Earthjustice, the Center for Biological Diversity, Defenders of Wildlife, and a coalition of other conservation groups — Caribbean Conservation Corporation, Florida Wildlife Federation, Gulf Restoration Network and Sea Turtle Restoration Project — had sued the agency in mid-April to seek protection for these imperiled animals and requested the emergency closure implemented today.
"Today is a great day for all who believe in protecting vulnerable sea turtles from unnecessary and illegal harm and ensuring their continued survival in the wild," said Steve Roady, an attorney with Earthjustice. "We commend NOAA Administrator Jane Lubchenco for setting a new course for NMFS that relies on sound science to manage our oceans for the great benefit of our nation and local communities."
"This temporary closure gives sea turtles a much-needed reprieve and gives the agency time to make scientifically sound decisions regarding the long-term operation of the fishery," said Andrea Treece, an attorney with the Center for Biological Diversity. "More sea turtles will now have a chance to make it back to their nesting beaches — and even just look for food — without getting caught up in longlines."
"After years of delay and the death of hundreds of turtles, it's great to know that protections are finally on their way," said Sierra Weaver, an attorney with Defenders of Wildlife. "This closure will insure that the fishery can operate without threatening these species with extinction."

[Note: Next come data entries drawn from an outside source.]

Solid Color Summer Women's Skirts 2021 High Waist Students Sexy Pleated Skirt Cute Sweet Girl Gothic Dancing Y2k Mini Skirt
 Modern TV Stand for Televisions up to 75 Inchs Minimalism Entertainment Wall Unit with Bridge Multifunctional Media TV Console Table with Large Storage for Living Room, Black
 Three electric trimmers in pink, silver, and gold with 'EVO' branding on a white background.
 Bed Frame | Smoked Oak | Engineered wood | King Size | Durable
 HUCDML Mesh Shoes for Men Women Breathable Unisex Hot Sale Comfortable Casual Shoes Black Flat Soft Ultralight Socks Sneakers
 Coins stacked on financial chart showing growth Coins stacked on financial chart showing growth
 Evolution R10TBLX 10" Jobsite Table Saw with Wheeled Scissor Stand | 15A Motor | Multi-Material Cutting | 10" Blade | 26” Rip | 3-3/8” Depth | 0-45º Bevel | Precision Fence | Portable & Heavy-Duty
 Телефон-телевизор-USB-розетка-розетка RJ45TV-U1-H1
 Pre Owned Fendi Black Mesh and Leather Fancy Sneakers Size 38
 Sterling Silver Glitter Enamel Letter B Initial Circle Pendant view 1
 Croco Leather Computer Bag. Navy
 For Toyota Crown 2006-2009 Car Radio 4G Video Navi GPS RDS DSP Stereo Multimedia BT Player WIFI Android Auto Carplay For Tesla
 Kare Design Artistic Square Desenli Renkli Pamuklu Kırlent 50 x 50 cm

Details on Emergency Closure:
1. Following the conservation organizations' lawsuit filed April 15 and renewed action by the Gulf of Mexico Fishery Management Council to support an emergency closure in mid-April, the Fisheries Service is closing the bottom longline fishery for up to 180 days. 2. The closure will become effective May 16, 2009 (15 days after publication in the Federal Register) to provide two weeks for fishing trips that are now occurring to receive notice and reduce disruption on the fishery for already initiated trips. 3. During this closure, the agency states that it plans to complete a new biological opinion that will evaluate the impact of the fishery and ensure that it is not likely to jeopardize the continued existence of the sea turtle species captured in it. It will also consider measures that could be used to reduce turtle capture and killing by the fishery, to allow it to reopen at a future date. 4. The Service also states that it is working with the Gulf Council to implement “long-term measures to reduce bycatch of sea turtles in the eastern Gulf of Mexico," which "are needed to provide protection for loggerhead sea turtles" in particular due to the long-term decline in their nesting population in Florida. Such long-term measures, for consideration on a permanent basis, would be implemented after a period of public notice during which all interested citizens would have full opportunity to comment. 5. The Service provides notice that it may renew the closure for a longer period of time if necessary for the agency to fulfill its legal obligations under the Endangered Species Act and the Magnuson Stevens Act to prevent further harm to threatened and endangered sea turtles.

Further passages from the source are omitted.